[[ DATA PROVIDED open ]]

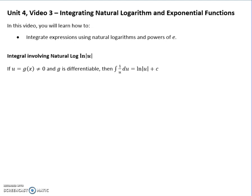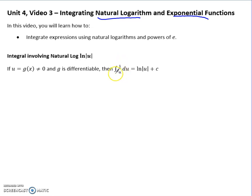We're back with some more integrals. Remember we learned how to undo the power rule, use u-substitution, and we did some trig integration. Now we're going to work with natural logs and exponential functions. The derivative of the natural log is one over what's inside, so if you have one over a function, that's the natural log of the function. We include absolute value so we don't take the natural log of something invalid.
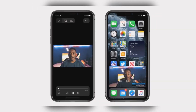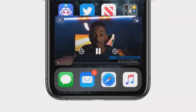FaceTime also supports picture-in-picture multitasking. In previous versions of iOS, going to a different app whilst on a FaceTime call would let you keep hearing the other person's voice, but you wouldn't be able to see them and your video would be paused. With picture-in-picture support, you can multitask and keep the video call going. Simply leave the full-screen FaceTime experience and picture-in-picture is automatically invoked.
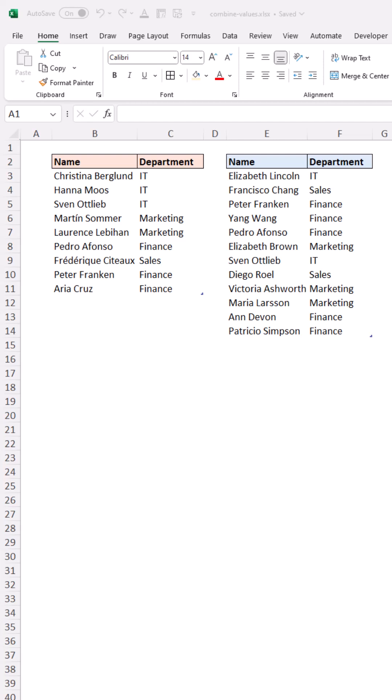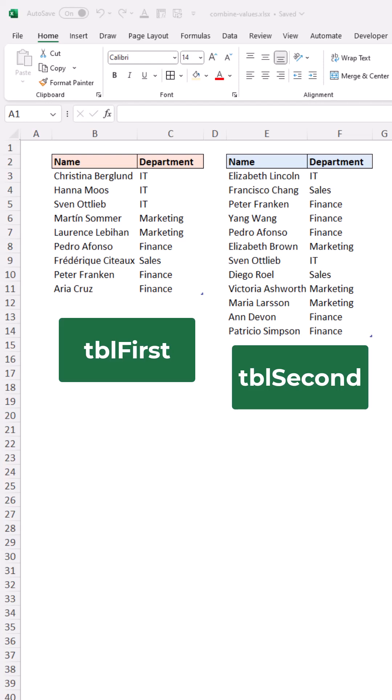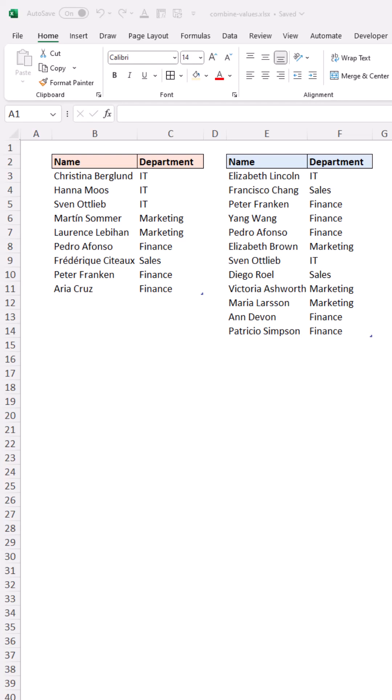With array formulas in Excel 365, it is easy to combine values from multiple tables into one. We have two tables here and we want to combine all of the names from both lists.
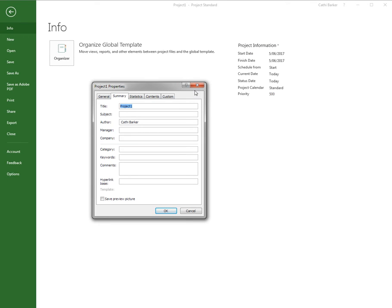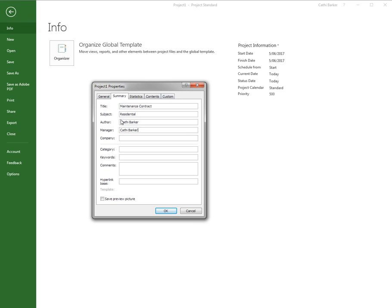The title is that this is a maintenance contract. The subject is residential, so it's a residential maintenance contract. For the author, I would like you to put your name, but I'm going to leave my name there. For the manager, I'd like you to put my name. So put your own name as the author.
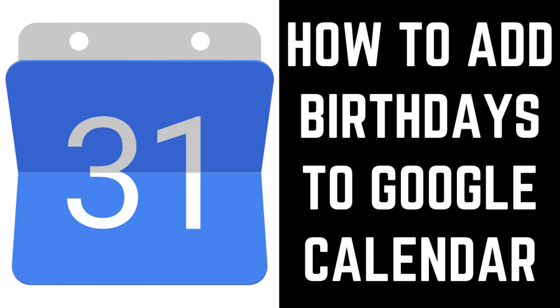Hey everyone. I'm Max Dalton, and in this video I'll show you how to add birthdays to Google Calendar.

[[ DATA PROVIDED closed ]]

• **BRIEF**
Return the material exactly as it reads, though without the pictures it holds.

• **WRITTEN SOLUTION**
We're back with some more integrals. Remember we learned how to undo the power rule, use u-substitution, and we did some trig integration. Now we're going to work with natural logs and exponential functions. The derivative of the natural log is one over what's inside, so if you have one over a function, that's the natural log of the function. We include absolute value so we don't take the natural log of something invalid.
FaceTime also supports picture-in-picture multitasking. In previous versions of iOS, going to a different app whilst on a FaceTime call would let you keep hearing the other person's voice, but you wouldn't be able to see them and your video would be paused. With picture-in-picture support, you can multitask and keep the video call going. Simply leave the full-screen FaceTime experience and picture-in-picture is automatically invoked.
With array formulas in Excel 365, it is easy to combine values from multiple tables into one. We have two tables here and we want to combine all of the names from both lists.
The title is that this is a maintenance contract. The subject is residential, so it's a residential maintenance contract. For the author, I would like you to put your name, but I'm going to leave my name there. For the manager, I'd like you to put my name. So put your own name as the author.
Hey everyone. I'm Max Dalton, and in this video I'll show you how to add birthdays to Google Calendar.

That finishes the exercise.